## EXERCISE DIRECTIONS
What is needed is an exact copy of the entries, with the pictures excluded.

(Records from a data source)
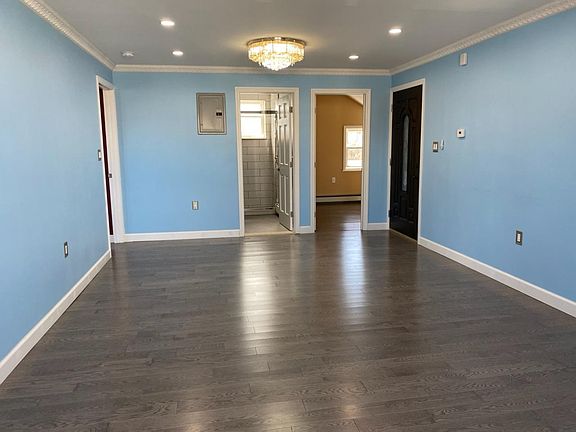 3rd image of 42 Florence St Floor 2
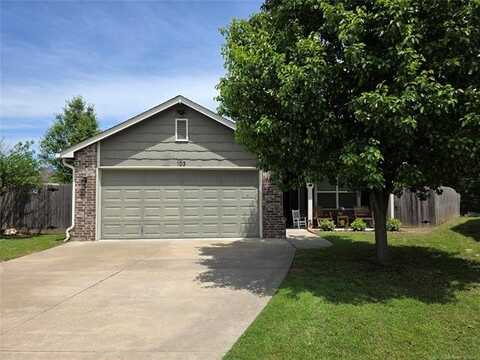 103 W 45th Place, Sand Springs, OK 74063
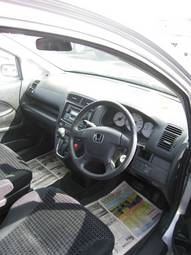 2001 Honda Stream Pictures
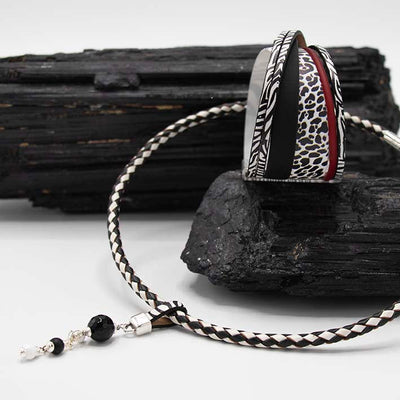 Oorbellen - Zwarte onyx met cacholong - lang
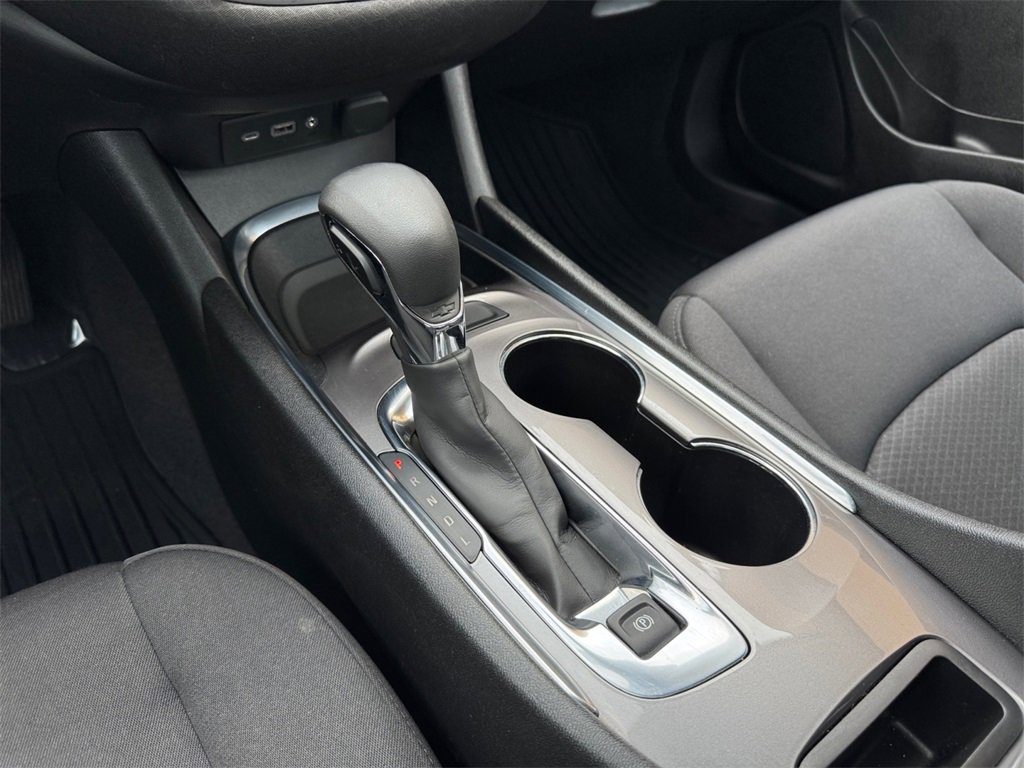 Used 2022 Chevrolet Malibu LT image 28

## FINISHED TASK
 3rd image of 42 Florence St Floor 2
 103 W 45th Place, Sand Springs, OK 74063
 2001 Honda Stream Pictures
 Oorbellen - Zwarte onyx met cacholong - lang
 Used 2022 Chevrolet Malibu LT image 28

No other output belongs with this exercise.